►

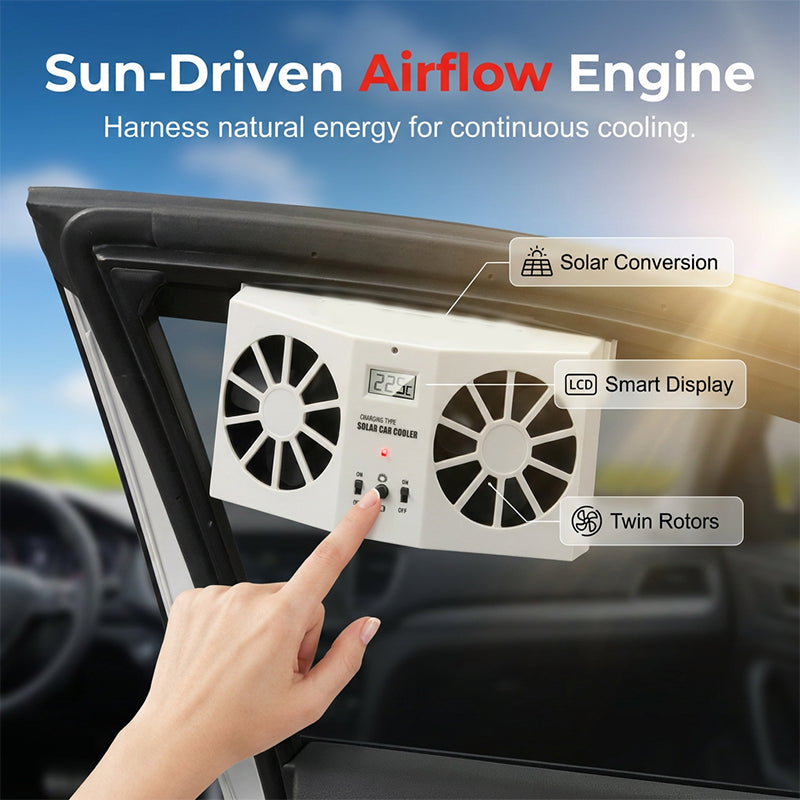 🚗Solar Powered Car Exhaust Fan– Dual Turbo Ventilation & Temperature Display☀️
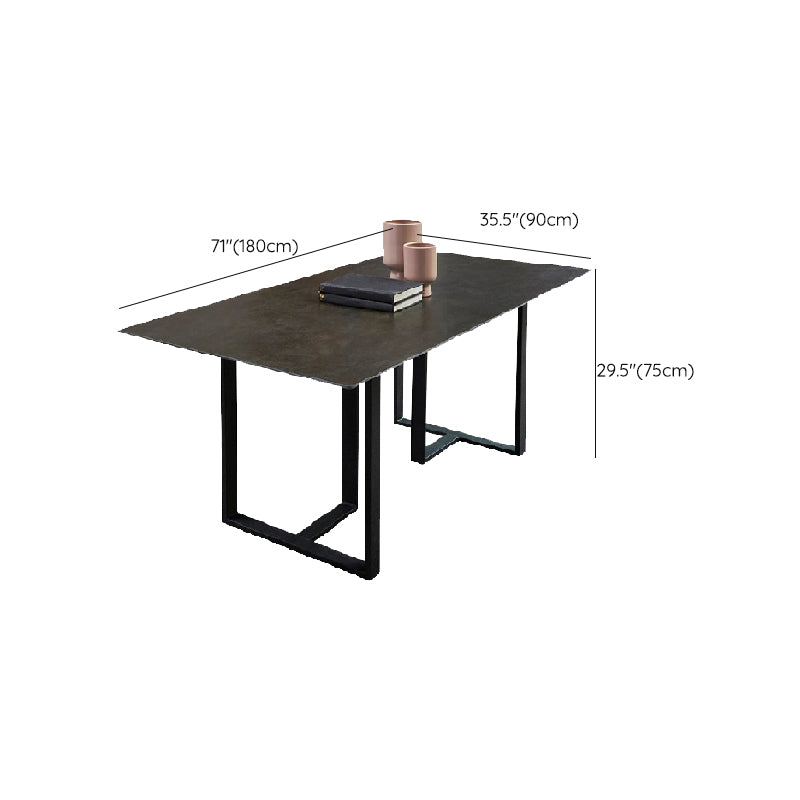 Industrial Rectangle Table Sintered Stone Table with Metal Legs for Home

◄
►

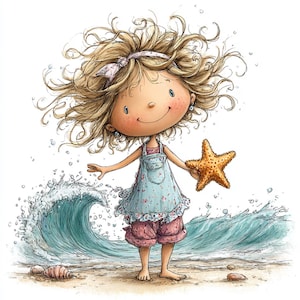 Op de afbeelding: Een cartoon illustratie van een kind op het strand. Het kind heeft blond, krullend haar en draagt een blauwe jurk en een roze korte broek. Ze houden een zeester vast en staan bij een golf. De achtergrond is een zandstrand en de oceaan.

◄

### [Task brief]
Copy only this from above: the line containing "Ventilation & Temperature Display☀️", the line containing "Industrial Rectangle Table", and all lines between, printed exactly. Leave out the pictures.

### [Problem solution]
 🚗Solar Powered Car Exhaust Fan– Dual Turbo Ventilation & Temperature Display☀️
 Industrial Rectangle Table Sintered Stone Table with Metal Legs for Home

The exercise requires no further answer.